Published online by Cambridge University Press:  07 April 2010

School of Psychology, University of New South Wales, Sydney, New South Wales, Australia.
School of Psychology, University of New South Wales, Sydney, New South Wales, Australia.
School of Psychology, University of New South Wales, Sydney, New South Wales, Australia.
*Correspondence and reprint requests to: Kandice J. Varcin, School of Psychology, University of New South Wales, Sydney, New South Wales 2052 Australia.
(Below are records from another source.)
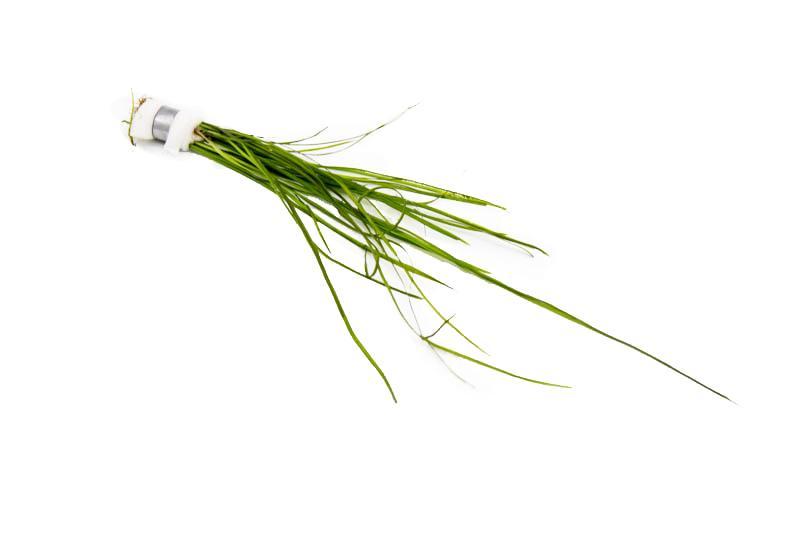 Vallisneria Nana Aquatic Plant - Buce Plant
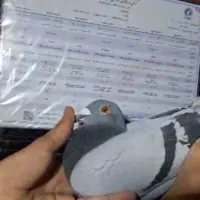 کفتر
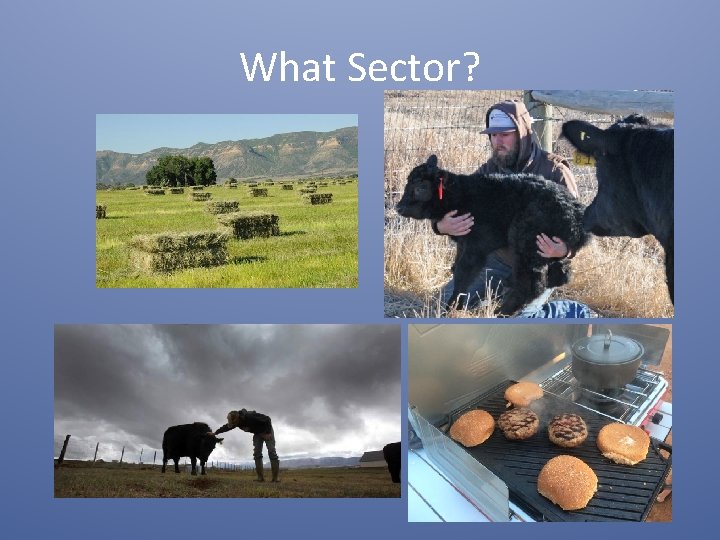 What Sector? 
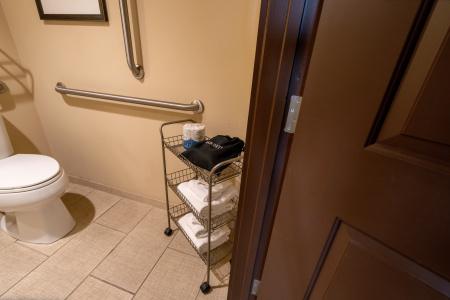 Holiday Inn Murfreesboro/Nashville, An Ihg - 39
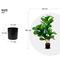 Lykke Fiddle-Leaf Fig 85cm tekokasvi – kuva 1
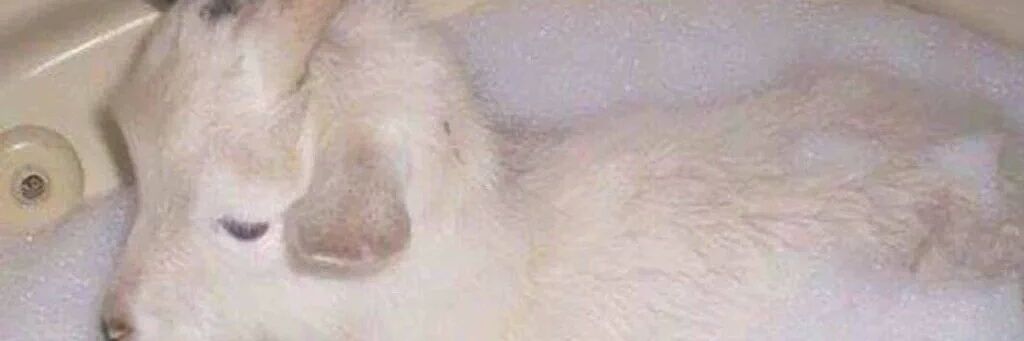 lannista's profile banner image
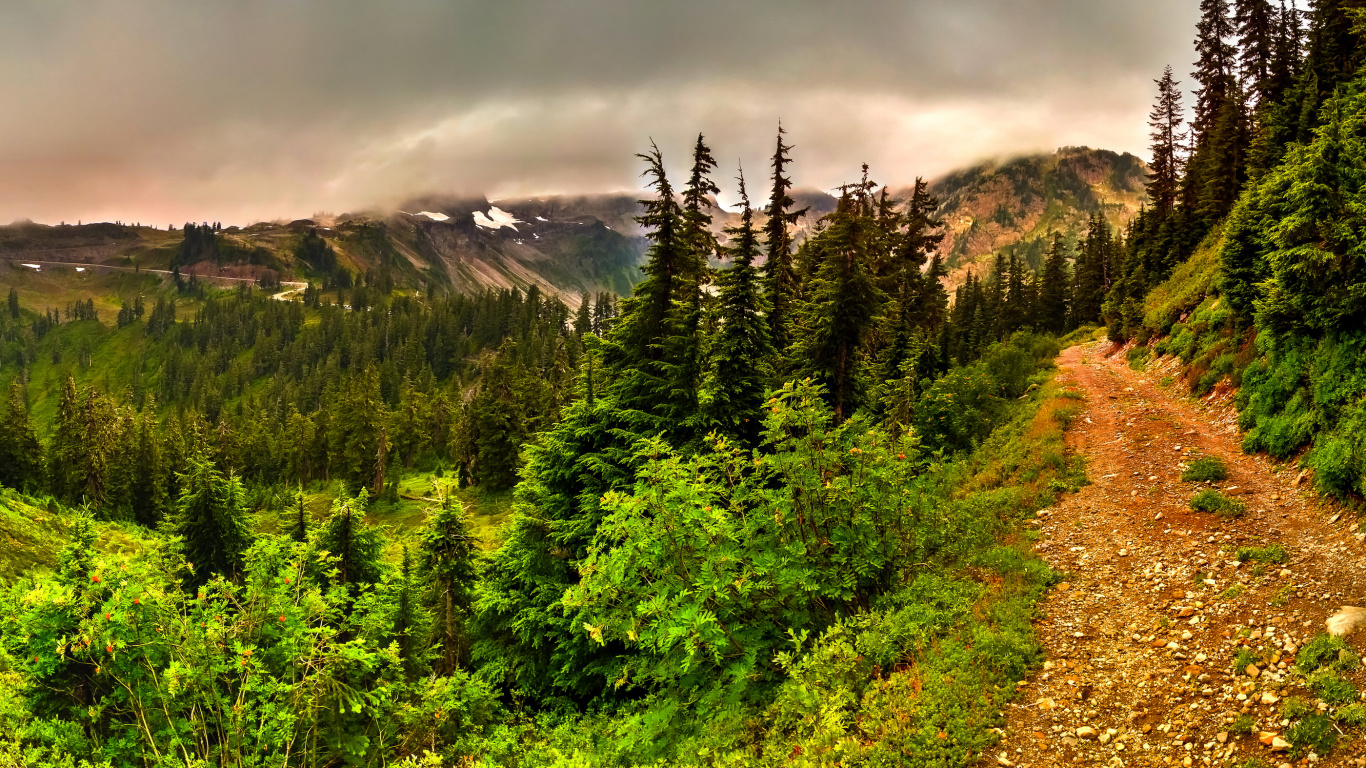 性质, 荒野, 植被, 多山的地貌, 生态系统 壁纸 1366x768 允许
E-mail:


Emotional facial expressions evoke rapid, involuntary, and covert facial reactions in the perceiver that are consistent with the emotional valence of the observed expression. These responses are believed to be an important low-level mechanism contributing to the experience of empathy, which some have argued rely on a simulation mechanism subserved by the human mirror neuron system (MNS). Because schizophrenia is associated with pervasive social cognitive difficulties which have been linked to structural abnormalities in the MNS network, the aim of the present study was to provide the first assessment of how rapid facial mimicry reactions (within 1000 ms poststimulus onset) are affected in schizophrenia. Activity in the corrugator supercilii and zygomaticus major muscle regions was quantified using electromyography while individuals with schizophrenia (n = 25) and controls (n = 25) viewed images of happy and angry facial expressions. In contrast to controls, individuals with schizophrenia demonstrated atypical facial mimicry reactions which were not associated with any clinical features of the disorder. These data provide evidence for a low-level disruption that may be contributing to empathizing deficits in schizophrenia and are discussed in relation to neuropsychological models of empathy and schizophrenia. (JINS, 2010, 16, 621–629.)